(Records from a collection)

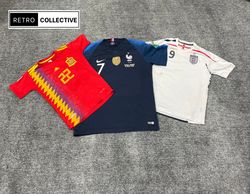 Retro-Fußball-Trikot {1/1}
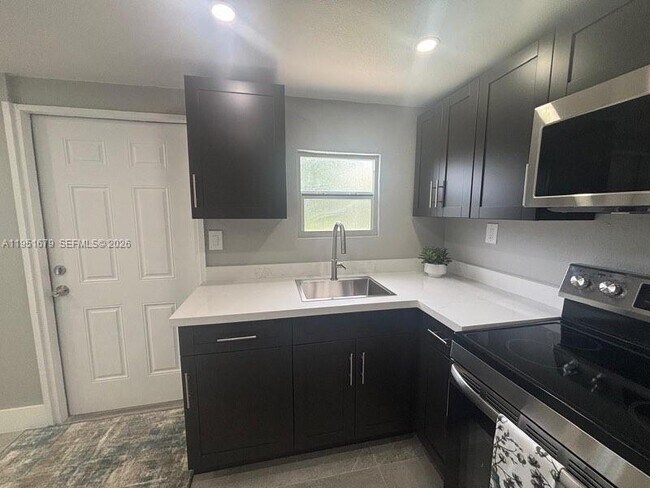 Foto del edificio - 13025 NW 2nd Ave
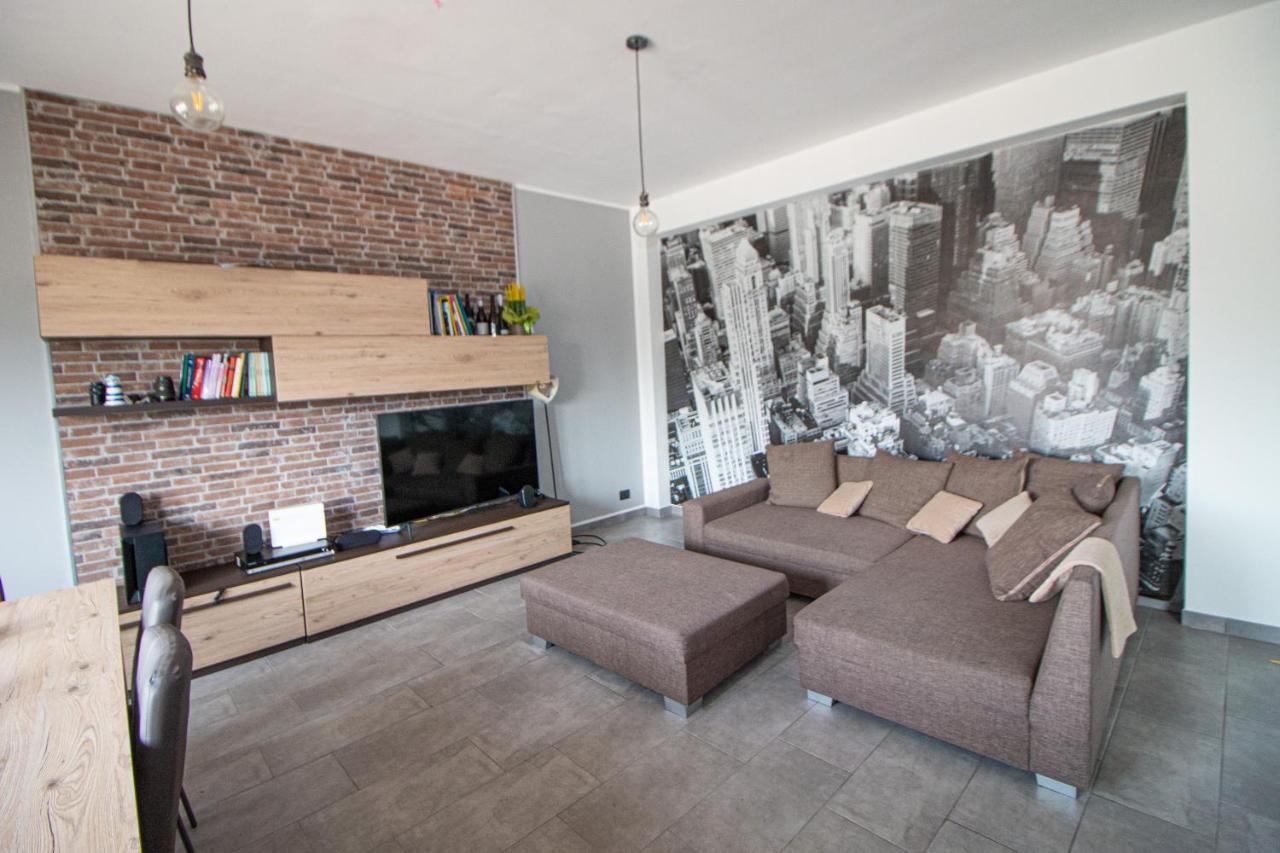 Casa Vacanze Casetta Grande Porto Torres Exterior foto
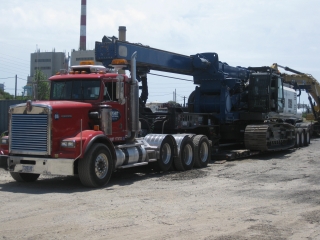 This 105-ton capacity ROGERS® trailer easily hauls a drill rig, a crawler excavator and other oversized/overweight equipment while maintaining the 13'6" overhead clearance required for crossing bridges in the New York City area.  The wheels of this loader rest in wheel wells, which saves four inches of overhead clearance.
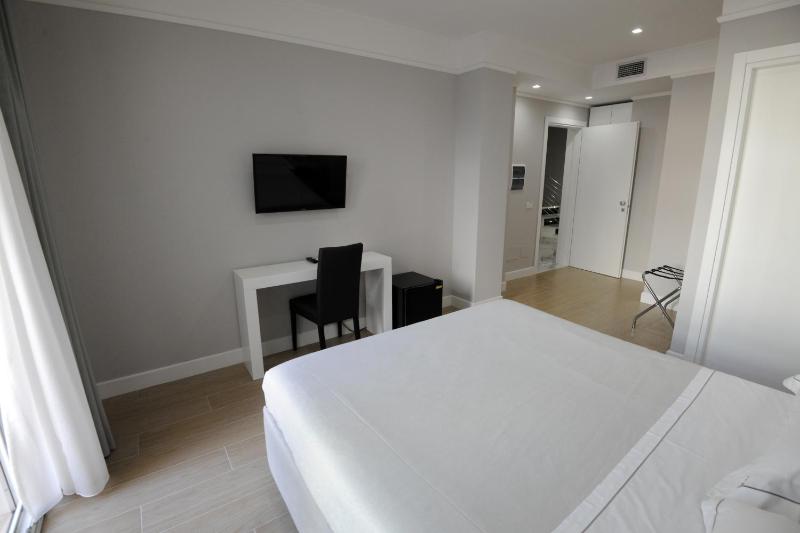 Double Room with Terrace image 4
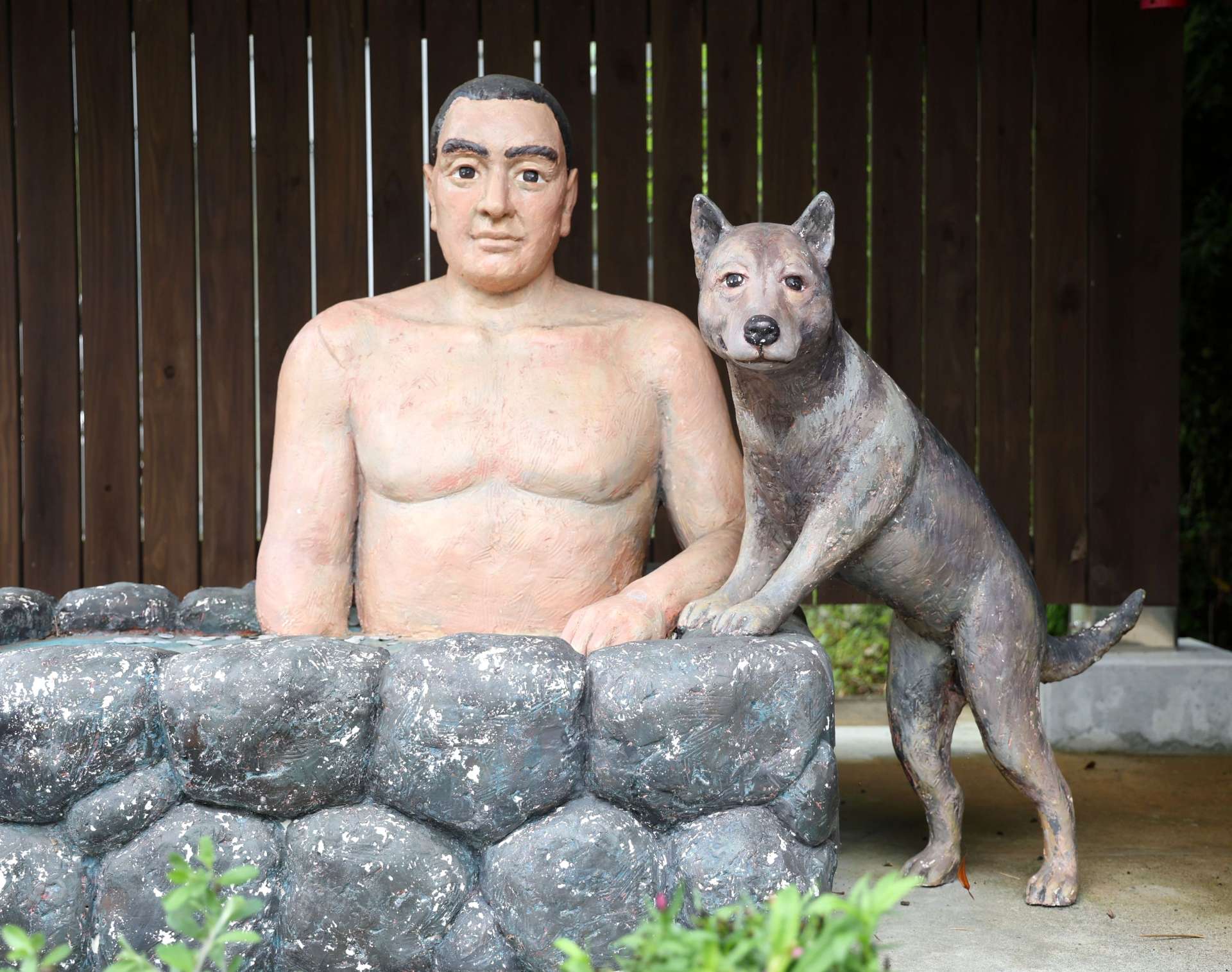 〈関連〉西郷が好んで訪れた川内高城温泉。上半身裸の西郷に寄り添う「ツン」。そろって前を見据える様子がほほ笑ましい＝薩摩川内市湯田町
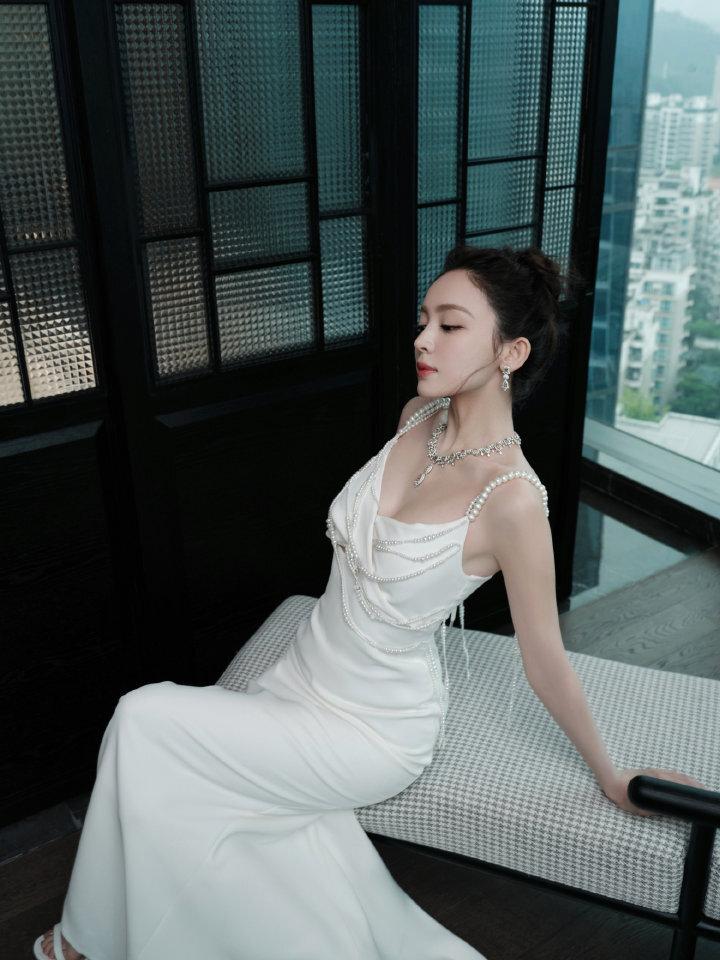 古力娜扎的美,征服了多少男人的心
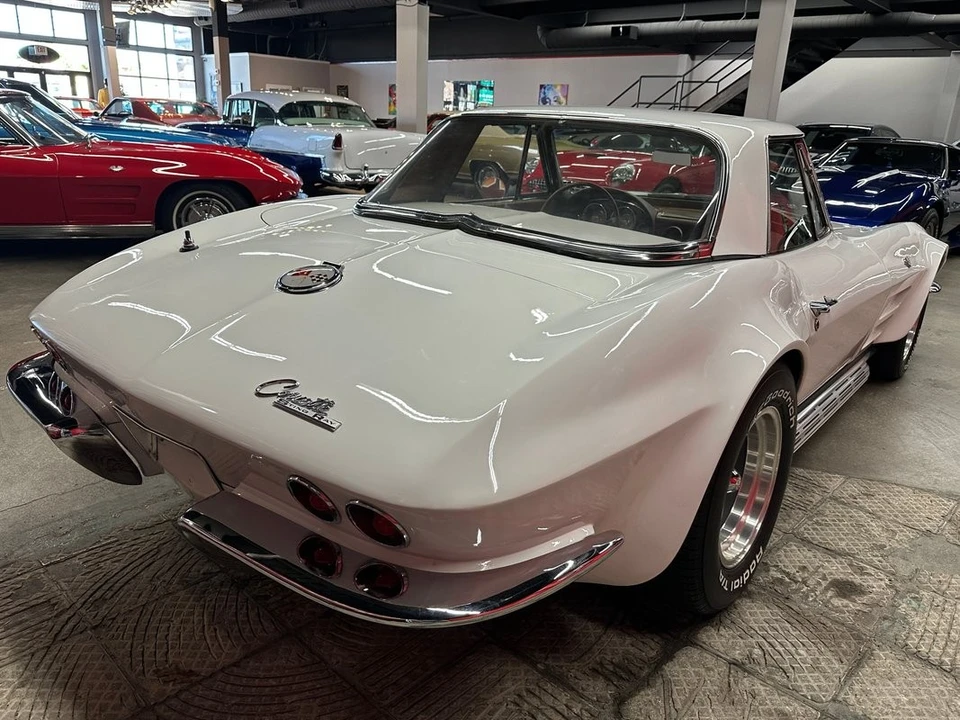 1963 Chevrolet Corvette C2 - Image 18 of 31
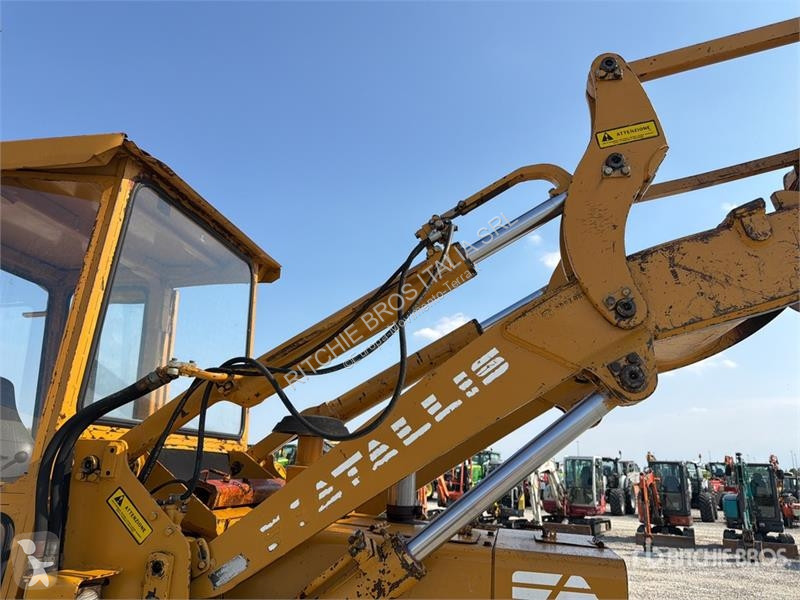Pala cargadora  FL7 Crawler Loader
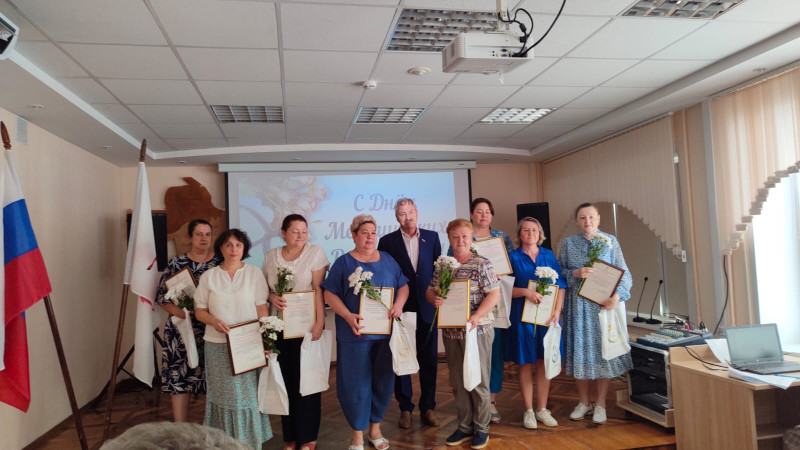 Марк Фельдман поздравил медицинских работников с профессиональным праздником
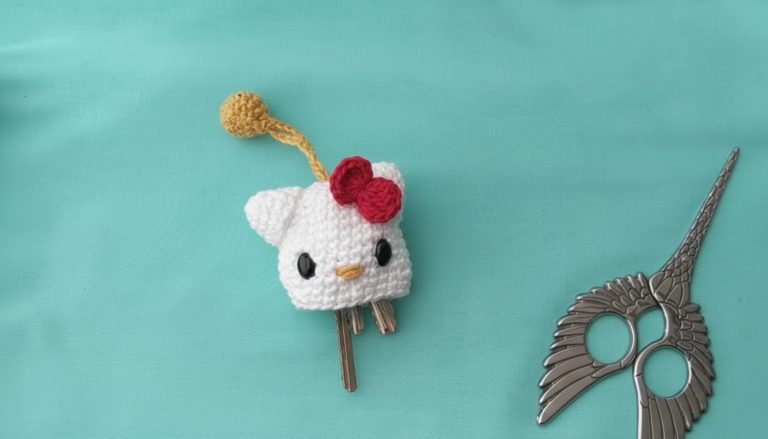 Crochet Hello Kitty Key Holder Pattern 10
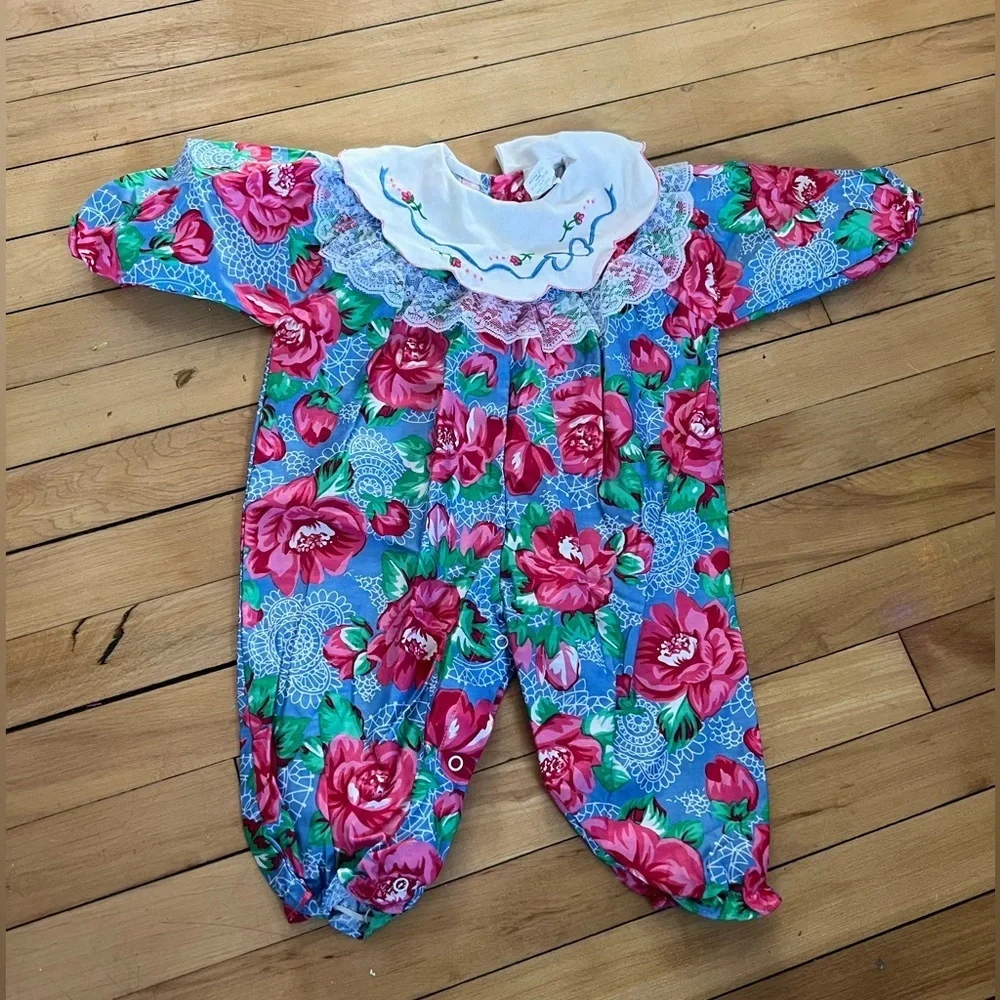 Vintage floral print infant jumpsuit‎ lace collared one piece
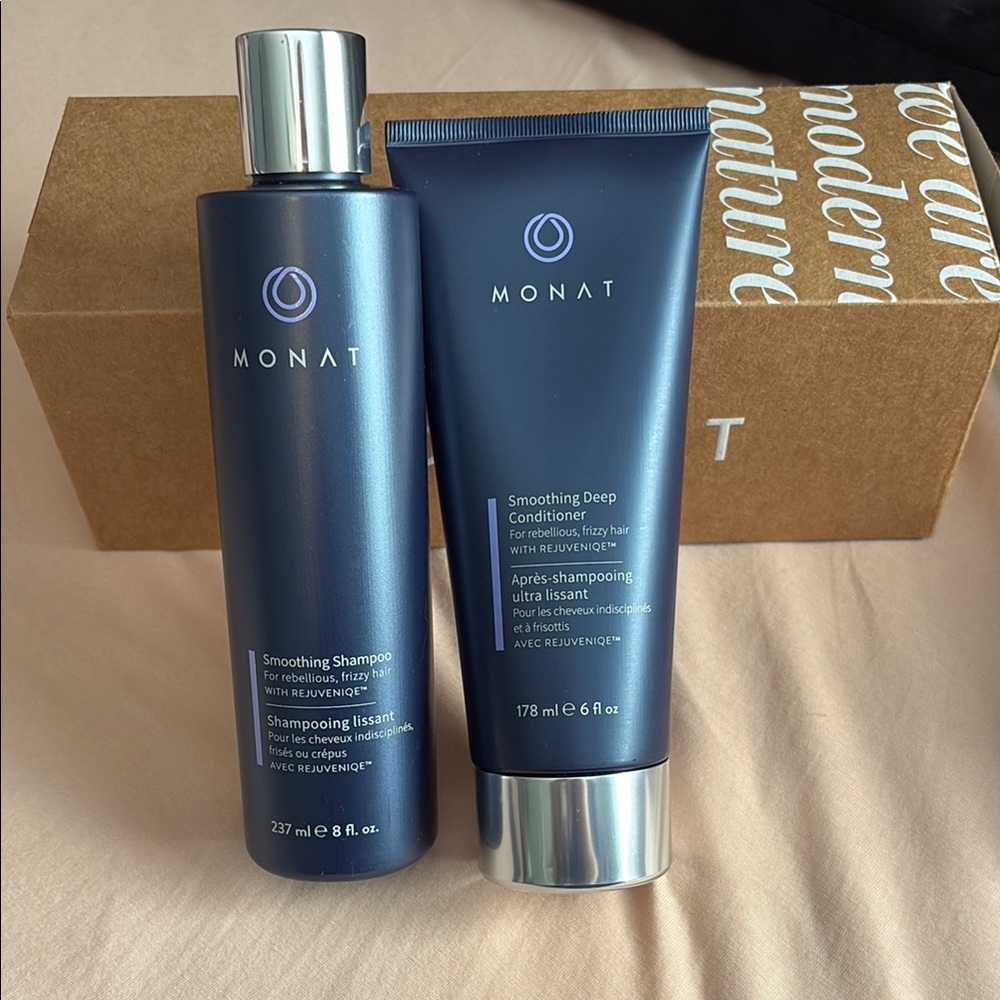 Monat Smoothing Shampoo and Conditioner Set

What you should do:
Output a faithful copy of the data, with each picture left out.

Written reply:
 Retro-Fußball-Trikot {1/1}
 Foto del edificio - 13025 NW 2nd Ave
 Casa Vacanze Casetta Grande Porto Torres Exterior foto
 This 105-ton capacity ROGERS® trailer easily hauls a drill rig, a crawler excavator and other oversized/overweight equipment while maintaining the 13'6" overhead clearance required for crossing bridges in the New York City area.  The wheels of this loader rest in wheel wells, which saves four inches of overhead clearance.
 Double Room with Terrace image 4
 〈関連〉西郷が好んで訪れた川内高城温泉。上半身裸の西郷に寄り添う「ツン」。そろって前を見据える様子がほほ笑ましい＝薩摩川内市湯田町
 古力娜扎的美,征服了多少男人的心
 1963 Chevrolet Corvette C2 - Image 18 of 31
Pala cargadora  FL7 Crawler Loader
 Марк Фельдман поздравил медицинских работников с профессиональным праздником
 Crochet Hello Kitty Key Holder Pattern 10
 Vintage floral print infant jumpsuit‎ lace collared one piece
 Monat Smoothing Shampoo and Conditioner Set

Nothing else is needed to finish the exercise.